Items from a dataset
-- Opening Marker --

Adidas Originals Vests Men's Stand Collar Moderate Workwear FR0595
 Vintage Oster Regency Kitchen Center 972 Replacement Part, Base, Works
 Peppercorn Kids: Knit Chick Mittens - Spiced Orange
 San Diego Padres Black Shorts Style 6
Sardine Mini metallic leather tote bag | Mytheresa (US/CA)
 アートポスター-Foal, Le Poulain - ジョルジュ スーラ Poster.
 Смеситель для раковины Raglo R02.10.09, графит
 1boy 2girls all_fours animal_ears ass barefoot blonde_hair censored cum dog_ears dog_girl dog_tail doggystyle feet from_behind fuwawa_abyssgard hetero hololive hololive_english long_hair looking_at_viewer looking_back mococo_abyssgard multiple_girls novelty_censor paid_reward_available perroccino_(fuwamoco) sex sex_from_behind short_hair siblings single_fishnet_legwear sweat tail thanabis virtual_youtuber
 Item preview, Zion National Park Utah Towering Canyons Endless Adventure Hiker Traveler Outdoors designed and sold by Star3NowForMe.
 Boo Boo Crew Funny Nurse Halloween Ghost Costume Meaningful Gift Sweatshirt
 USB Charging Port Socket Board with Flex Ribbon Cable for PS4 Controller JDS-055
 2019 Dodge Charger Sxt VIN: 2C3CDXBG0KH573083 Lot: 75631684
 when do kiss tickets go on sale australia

-- Closing Marker --

**Exercise details**.
Through the last line of the entries above, beginning at the line containing "Смеситель для раковины", transcribe each line exactly, both ends included and nothing more.

**Result of the exercise**.
 Смеситель для раковины Raglo R02.10.09, графит
 1boy 2girls all_fours animal_ears ass barefoot blonde_hair censored cum dog_ears dog_girl dog_tail doggystyle feet from_behind fuwawa_abyssgard hetero hololive hololive_english long_hair looking_at_viewer looking_back mococo_abyssgard multiple_girls novelty_censor paid_reward_available perroccino_(fuwamoco) sex sex_from_behind short_hair siblings single_fishnet_legwear sweat tail thanabis virtual_youtuber
 Item preview, Zion National Park Utah Towering Canyons Endless Adventure Hiker Traveler Outdoors designed and sold by Star3NowForMe.
 Boo Boo Crew Funny Nurse Halloween Ghost Costume Meaningful Gift Sweatshirt
 USB Charging Port Socket Board with Flex Ribbon Cable for PS4 Controller JDS-055
 2019 Dodge Charger Sxt VIN: 2C3CDXBG0KH573083 Lot: 75631684
 when do kiss tickets go on sale australia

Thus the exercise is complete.